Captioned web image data
───

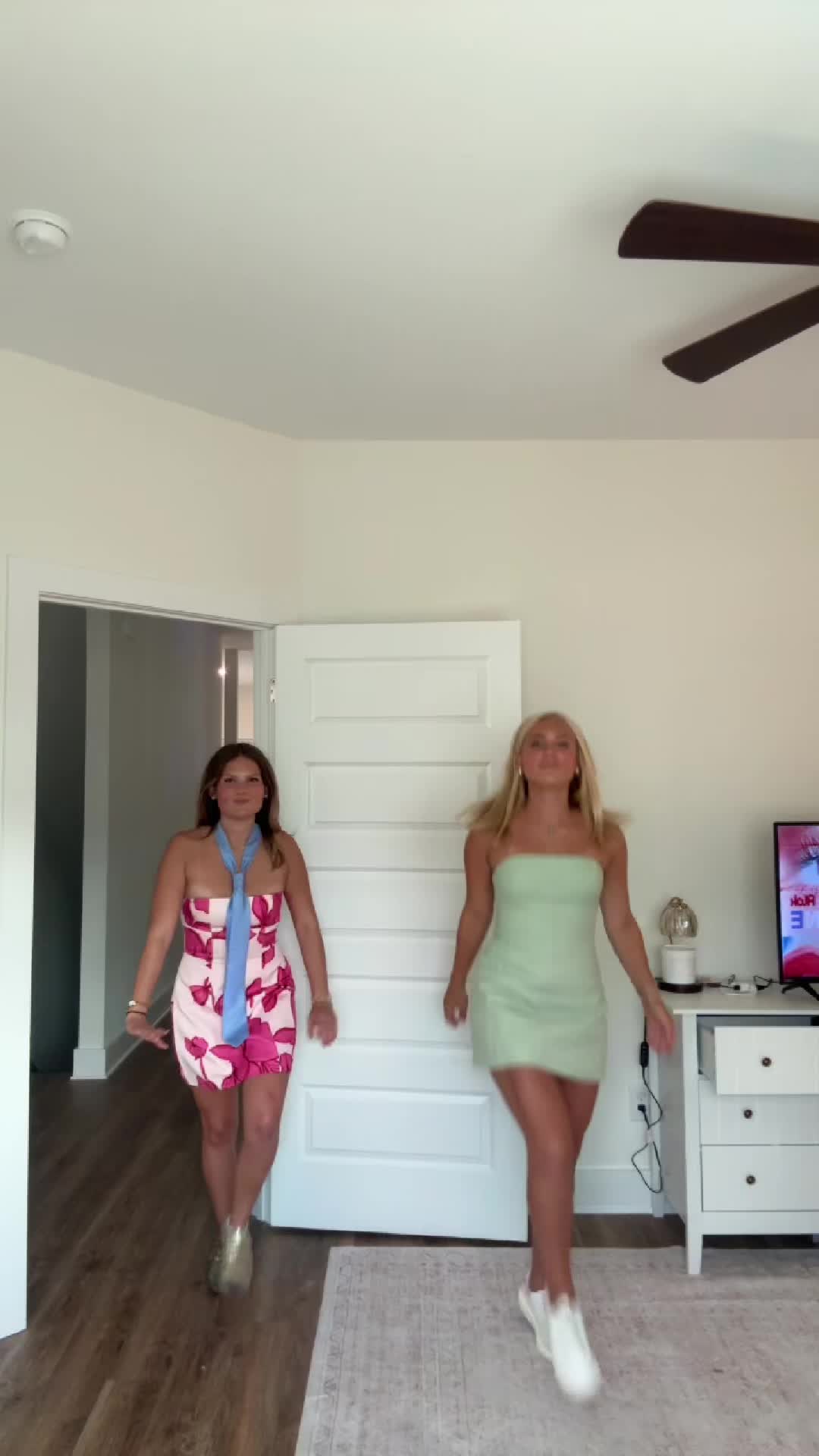 @Demi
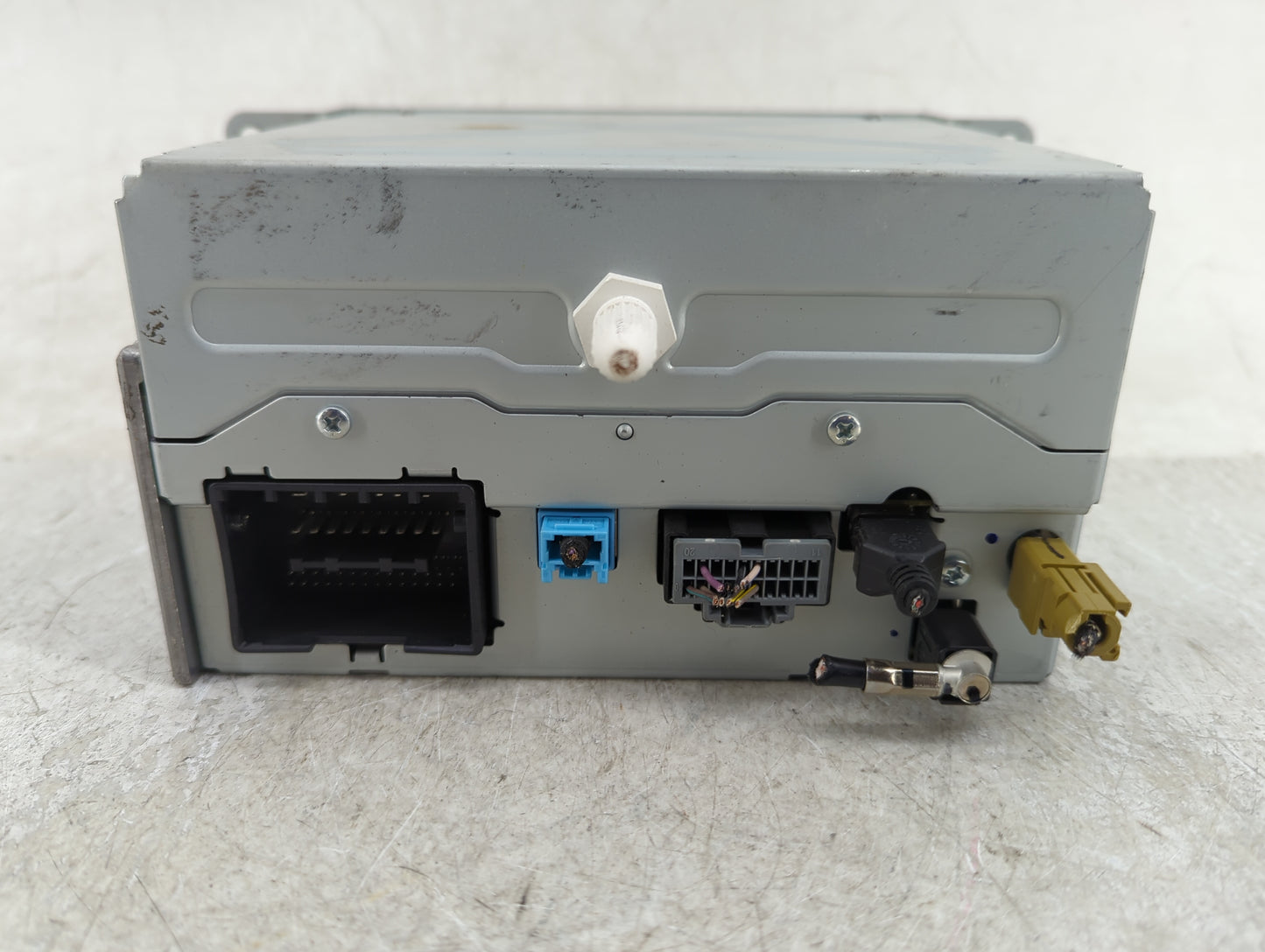 2013 Chevrolet Malibu Radio AM FM Cd Player Receiver Replacement P/N:23140543 Fits OEM Used Auto Parts - Oemusedautoparts1.c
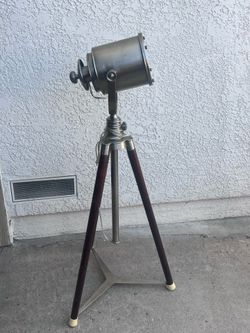 Hollywood Directors Light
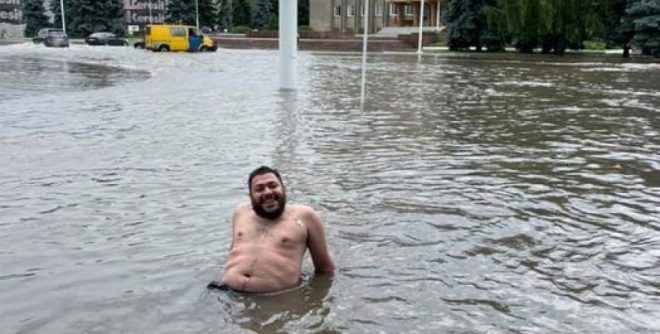 Ливнем затопило Измаил: мужчина нырял в воду перед мэрией (ФОТО, ВИДЕО)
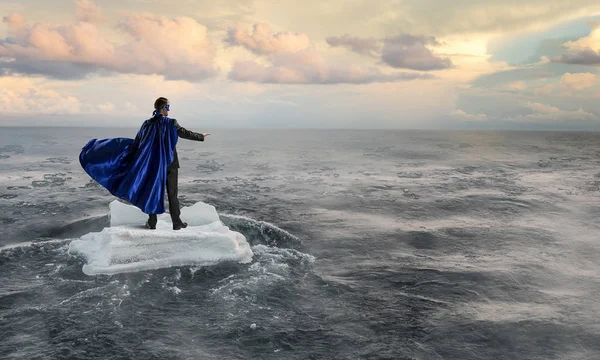 Sörf denizde yüzen buz kütlesi. Karışık teknik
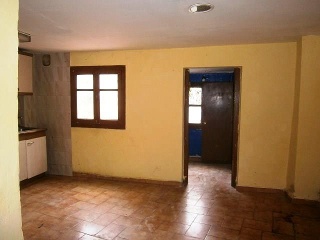 03053-0001 19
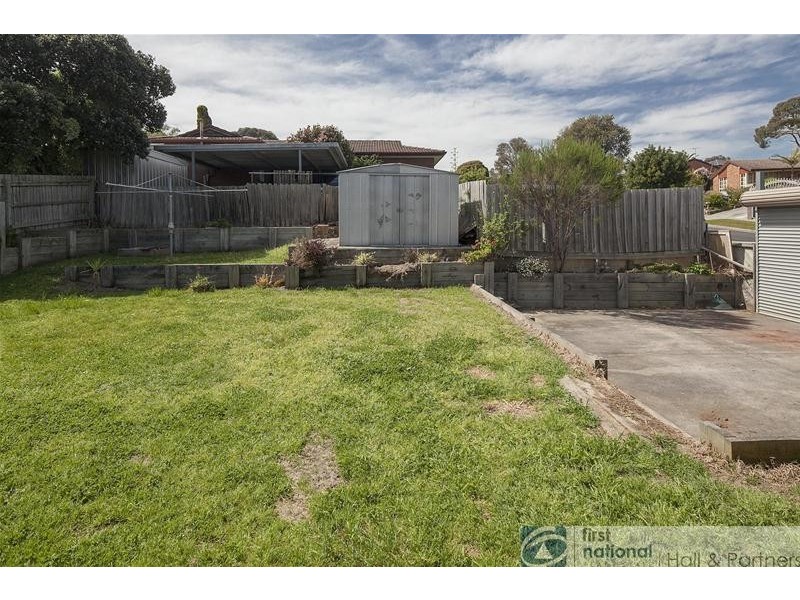 16 Sydney Parkinson Drive, Endeavour Hills VIC 3802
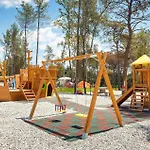 Campsite 3 Bedroom Beautiful Stacaravan In Vabriga 5*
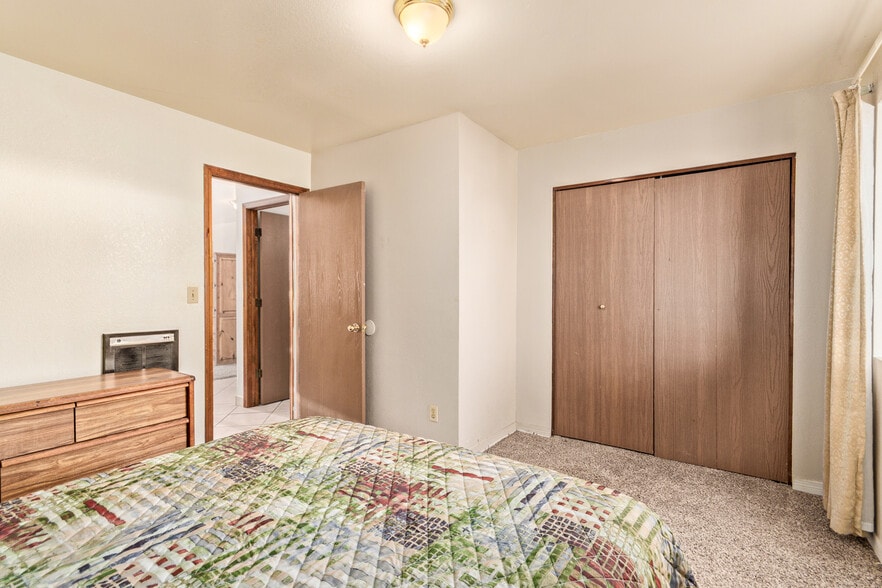 More Photos Of 8008 E Main St, Mesa Hotel For Sale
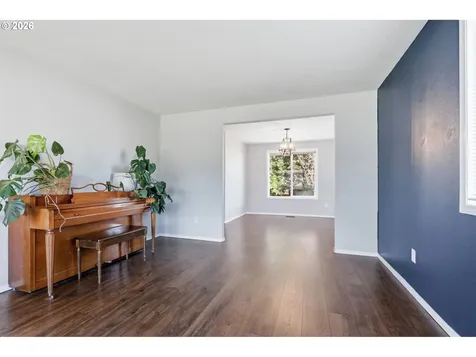 728 E Heritage Loop La Center WA 98629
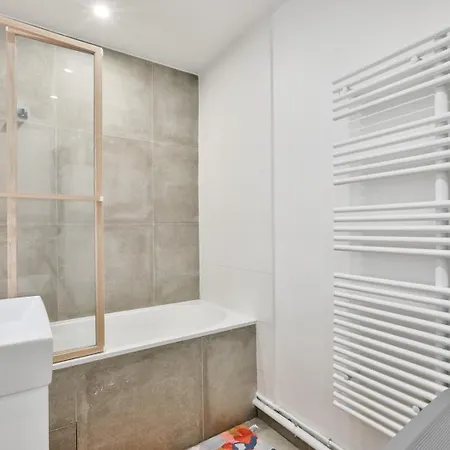 Hidden Gem In The Heart Of Paris' 11th District アパート *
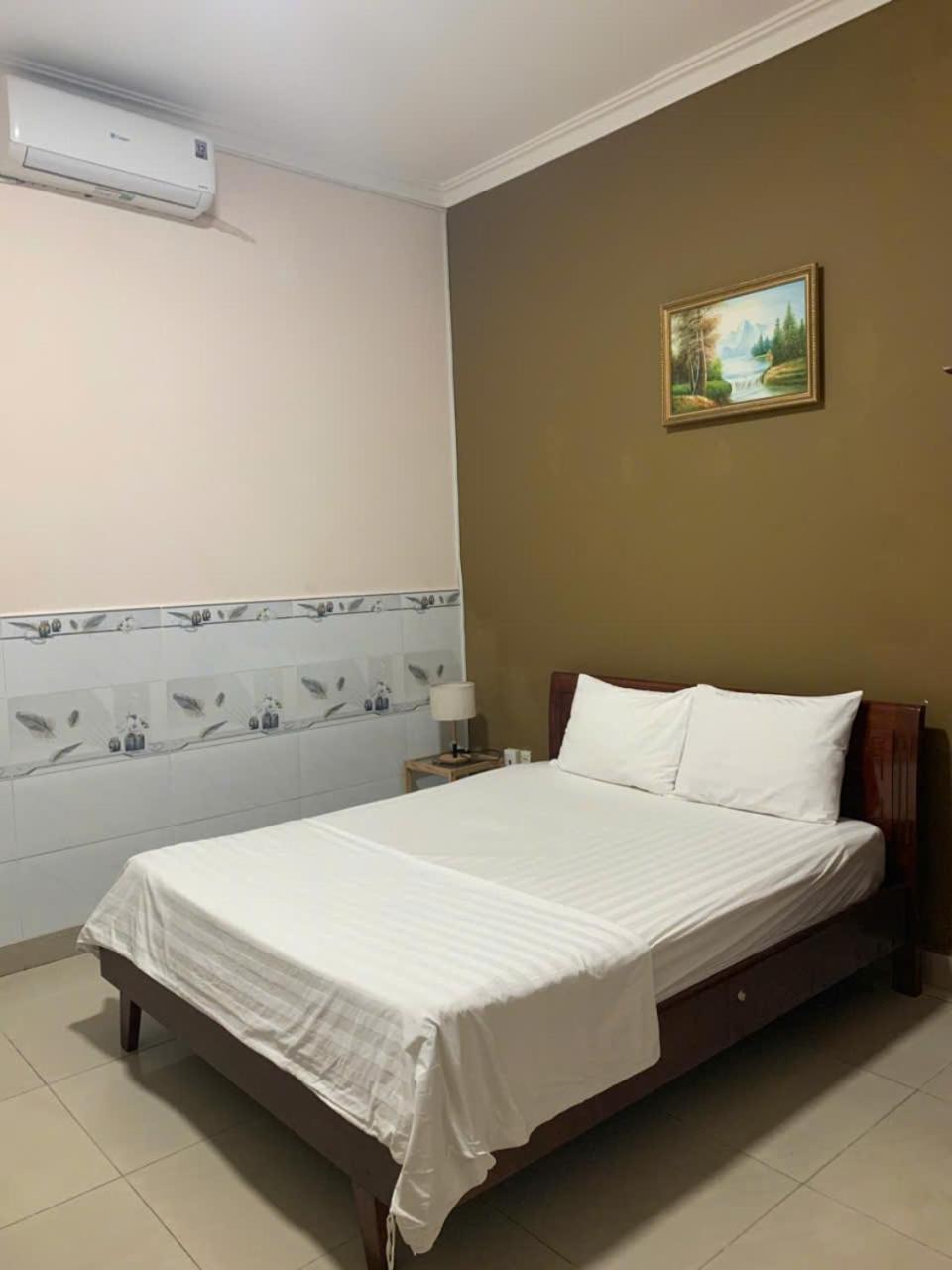 Ha Long Hotel Хошимин Екстериор снимка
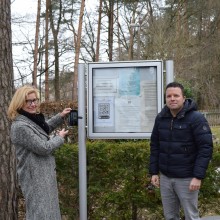 Ilse Dölle, Erste Bürgermeisterin und Alexander Schmidt, Ordnungsamt am Schaukasten im Friedhof Eckenha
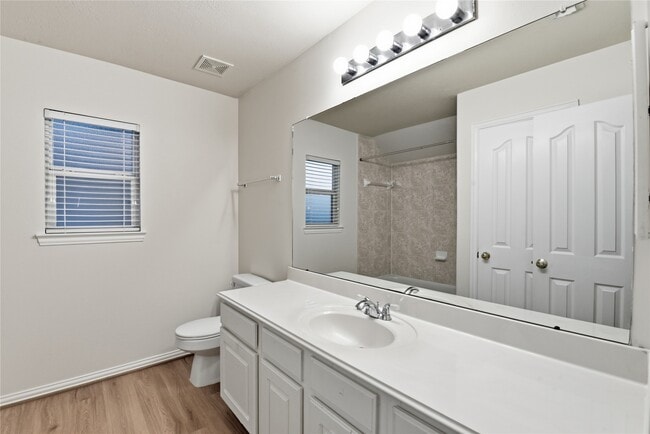 Building Photo - 6507 Hill Haven Ct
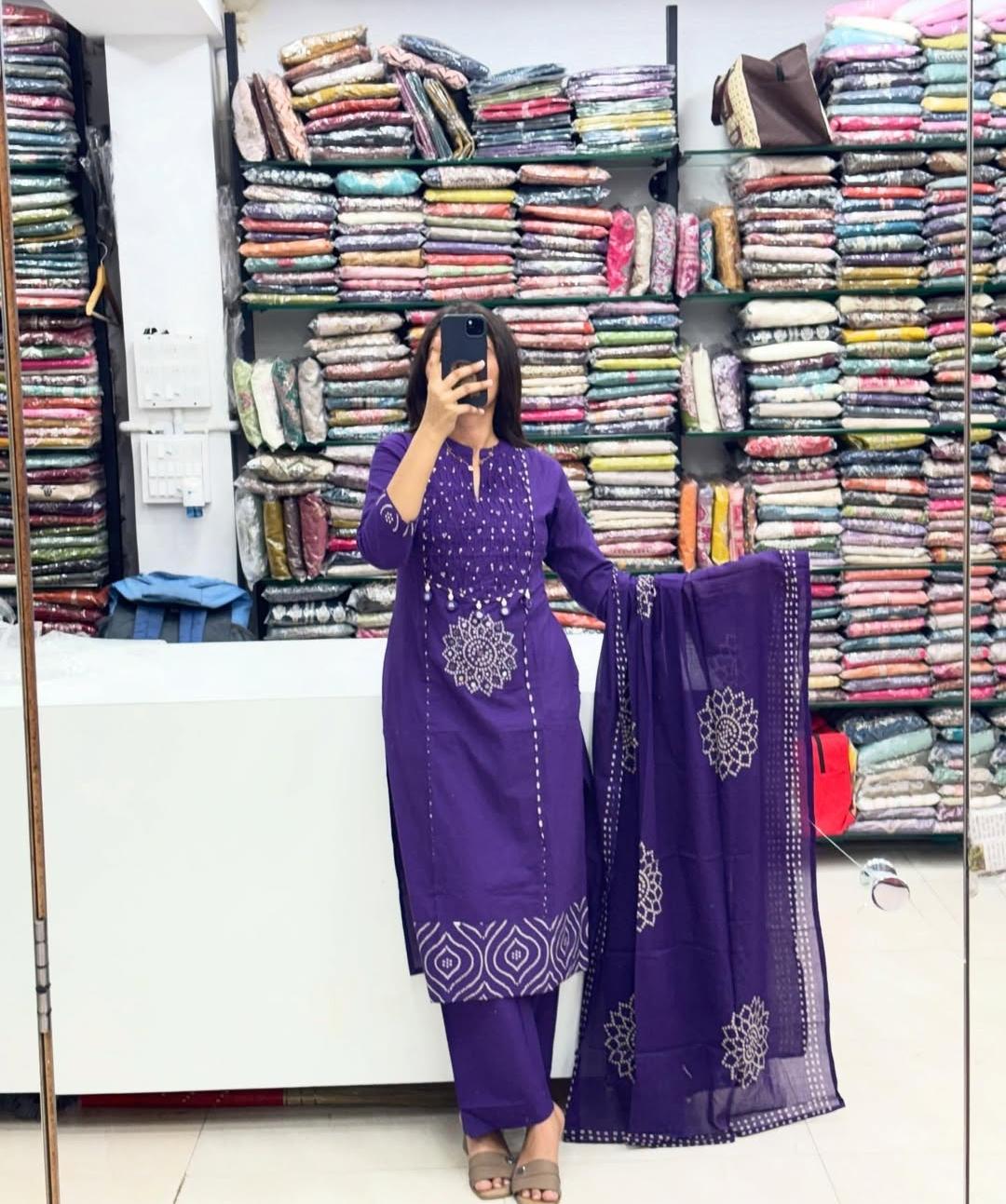 Women’s Bandhani Print Kurta Pant Dupatta Set with Mirror Tassel Detailing
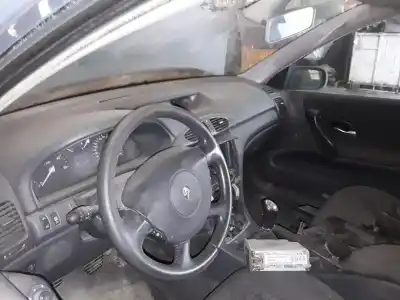 Здавання транспортного засобу renault laguna ii (bg0) authentique 101 cv / 74 kw року 2001 потужний f9q752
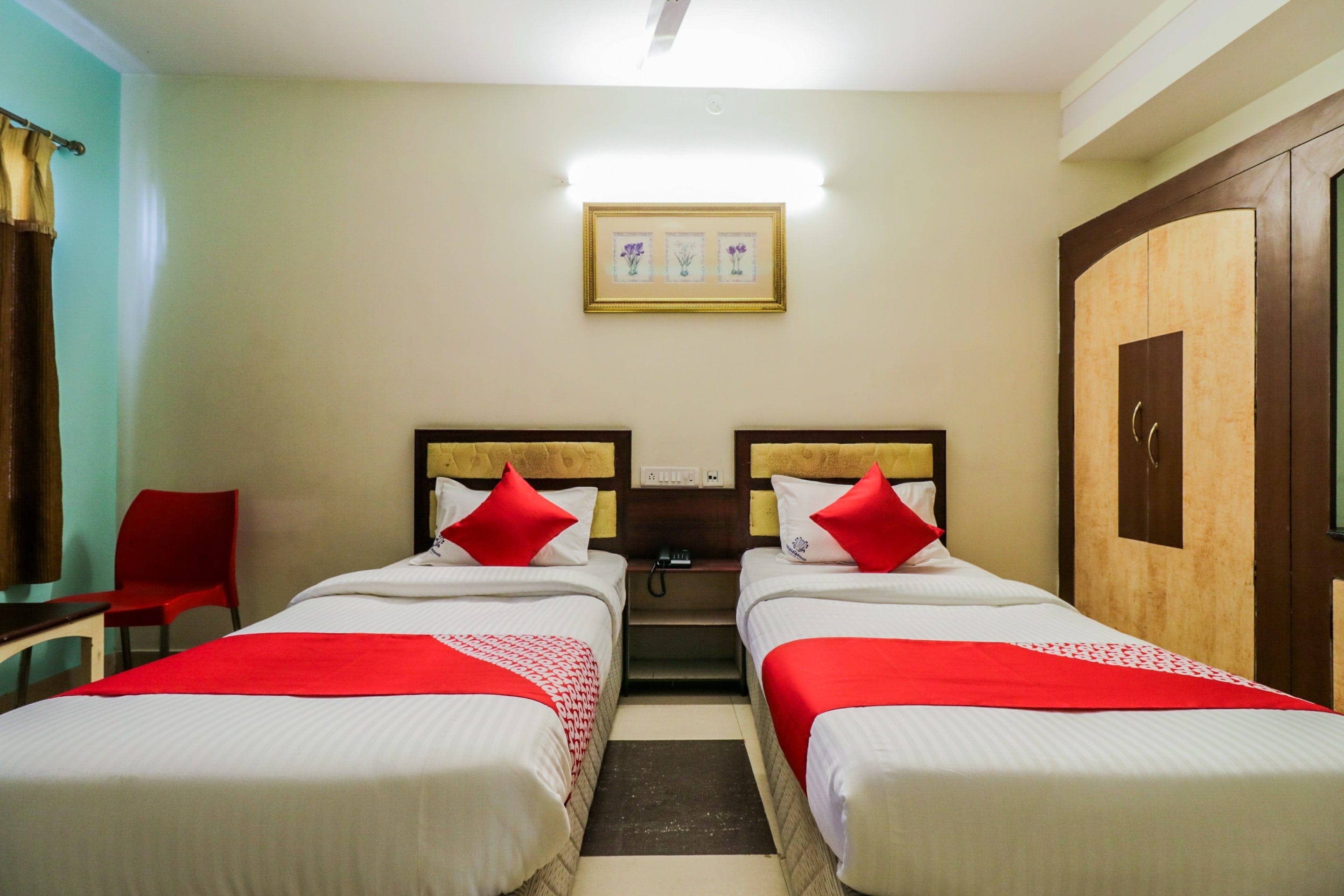 Hotel O Parnasala Princely - Tap to explore photos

───

**EXERCISE DIRECTIONS**
The data is to be printed again exactly, but without its pictures.

**THE ANSWER**
 @Demi
 2013 Chevrolet Malibu Radio AM FM Cd Player Receiver Replacement P/N:23140543 Fits OEM Used Auto Parts - Oemusedautoparts1.c
 Hollywood Directors Light
 Ливнем затопило Измаил: мужчина нырял в воду перед мэрией (ФОТО, ВИДЕО)
 Sörf denizde yüzen buz kütlesi. Karışık teknik
 03053-0001 19
 16 Sydney Parkinson Drive, Endeavour Hills VIC 3802
 Campsite 3 Bedroom Beautiful Stacaravan In Vabriga 5*
 More Photos Of 8008 E Main St, Mesa Hotel For Sale
 728 E Heritage Loop La Center WA 98629
 Hidden Gem In The Heart Of Paris' 11th District アパート *
 Ha Long Hotel Хошимин Екстериор снимка
 Ilse Dölle, Erste Bürgermeisterin und Alexander Schmidt, Ordnungsamt am Schaukasten im Friedhof Eckenha
 Building Photo - 6507 Hill Haven Ct
 Women’s Bandhani Print Kurta Pant Dupatta Set with Mirror Tassel Detailing
 Здавання транспортного засобу renault laguna ii (bg0) authentique 101 cv / 74 kw року 2001 потужний f9q752
 Hotel O Parnasala Princely - Tap to explore photos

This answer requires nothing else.